I have recently been training a custom environment locally for testing but have since scaled it up to a VM enabled with an NVIDIA T4 GPU.
My code to setup training looks like this:
if __name__ == "__main__":
available_cpus = multiprocessing.cpu_count()
available_gpus = torch.cuda.device_count()
sample_env = SatelliteSensorEnv()
config = (
PPOConfig()
.environment(SatelliteSensorEnv)
.multi_agent(policies={
"satellite": (
None,
sample_env.observation_space["satellite"],
sample_env.action_space["satellite"],
PPOConfig.overrides(framework_str="tf")
),
"sensor": (
None,
sample_env.observation_space["sensor"],
sample_env.action_space["sensor"],
PPOConfig.overrides(framework_str="tf")
)},
policy_mapping_fn=(lambda agent_id, *args, **kwargs: agent_id))
.env_runners(batch_mode="complete_episodes",
num_env_runners = available_cpus - 1,
num_cpus_per_env_runner=1)
.resources(num_gpus=available_gpus)
.learners(num_learners=1, num_gpus_per_learner=1)

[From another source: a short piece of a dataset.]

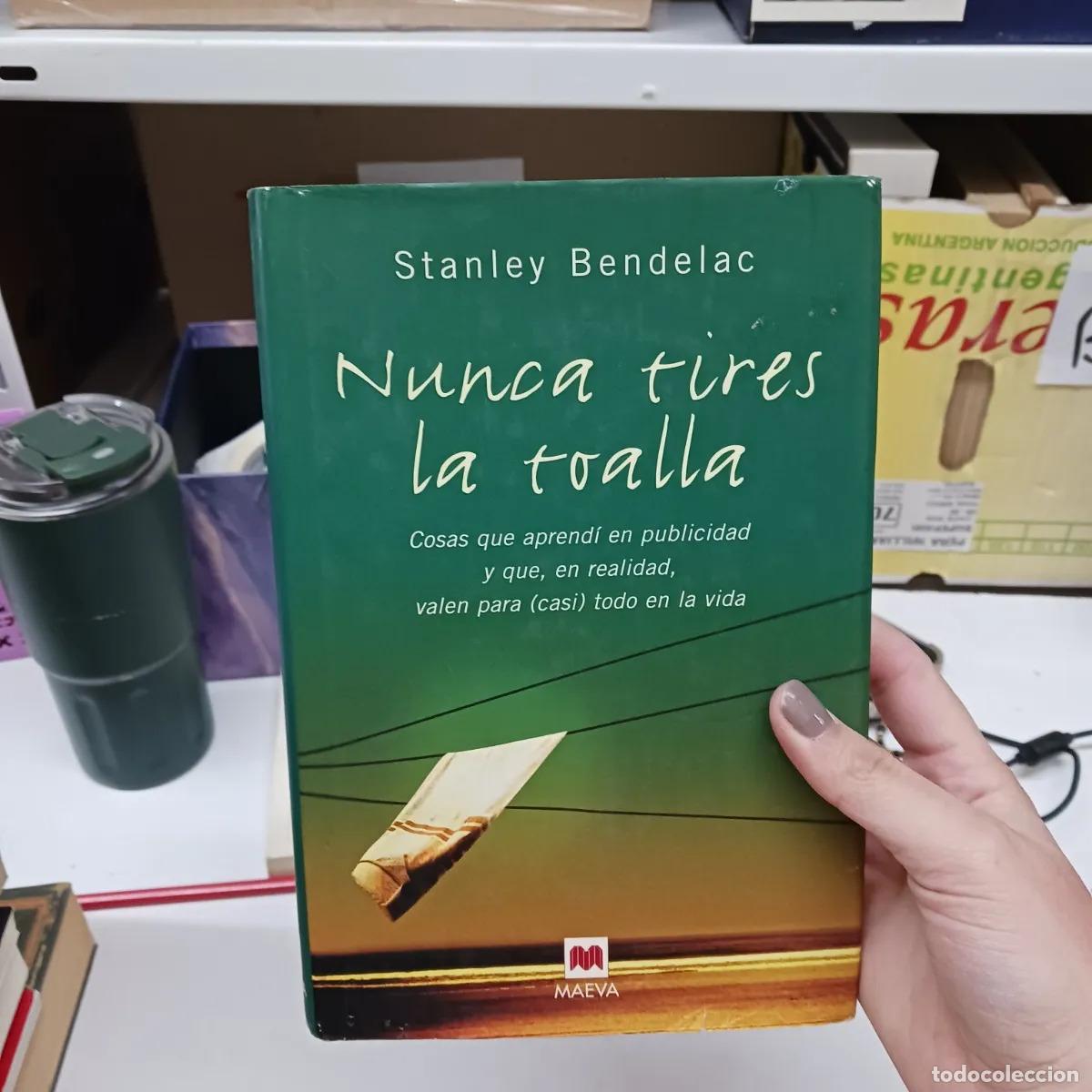 Libros: Nunca tires la toalla - Stanley Bendelac - Foto 1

.evaluation(evaluation_interval=10, evaluation_duration=10, evaluation_duration_unit='episodes', custom_evaluation_function=custom_eval_function)
)
tuner = tune.Tuner(
"PPO",
param_space=config.to_dict(),
run_config=train.RunConfig(
stop={"training_iteration":1000},
checkpoint_config=train.CheckpointConfig(num_to_keep=5,
checkpoint_score_attribute="episode_reward_mean",
checkpoint_score_order="max",
checkpoint_frequency=10,
checkpoint_at_end=True),
storage_path=f'{os.path.dirname(os.path.abspath(__file__))}/Results')
)
results = tuner.fit()
ray.shutdown()
I’ve tried to run this with both the PyTorch and TF as my framework but have run into the same issue below.
Trial status: 1 RUNNING
Current time: 2024-07-31 16:27:18. Total running time: 3min 0s
Logical resource usage: 16.0/16 CPUs, 1.0/1 GPUs (0.0/1.0 accelerator_type:T4)
For whatever reason, I can’t seem to get the GPU acceleration to activate and as such, the training is just about as fast with a CPU as it with GPU. From an nvidia-smi
call the results show how little of the GPU is actually being used.

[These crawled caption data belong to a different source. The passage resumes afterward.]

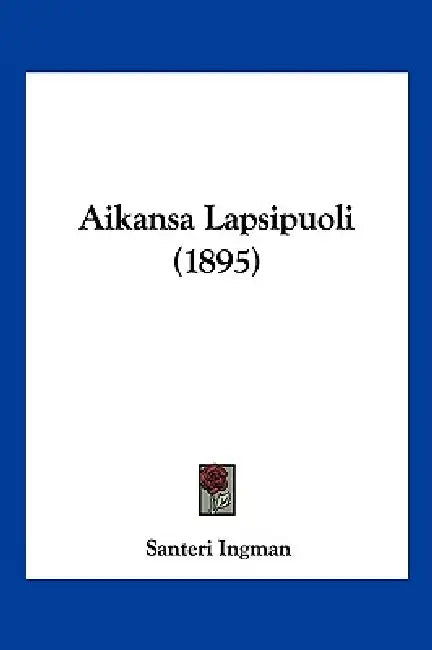 Aikansa Lapsipuoli (1895) by Santeri Ingman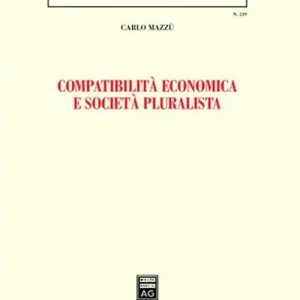Compatibilità economica e società pluralista Sconto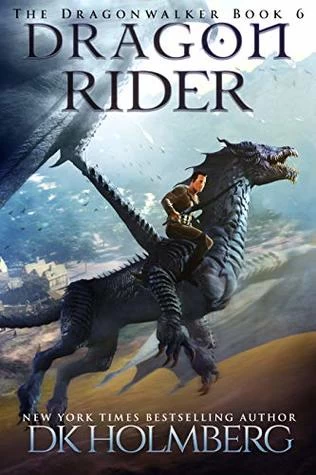 Dragon Rider (The Dragonwalker #6) by D. K. Holmberg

+-----------------------------------------------------------------------------+
| NVIDIA-SMI 529.19 Driver Version: 529.19 CUDA Version: 12.0 |
|-------------------------------+----------------------+----------------------+
| GPU Name TCC/WDDM | Bus-Id Disp.A | Volatile Uncorr. ECC |
| Fan Temp Perf Pwr:Usage/Cap| Memory-Usage | GPU-Util Compute M. |
| | | MIG M. |
|===============================+======================+======================|
| 0 Tesla T4 TCC | 00000001:00:00.0 Off | 0 |
| N/A 48C P0 29W / 70W | 801MiB / 15360MiB | 20% Default |
| | | N/A |
+-------------------------------+----------------------+----------------------+
+-----------------------------------------------------------------------------+
| Processes: |
| GPU GI CI PID Type Process name GPU Memory |
| ID ID Usage |
|=============================================================================|
| 0 N/A N/A 17776 C ....conda\envs\rl\python.exe 800MiB |
+-----------------------------------------------------------------------------+
I’m hoping someone might have a fix for this so that I can use the GPU effectively. Thanks!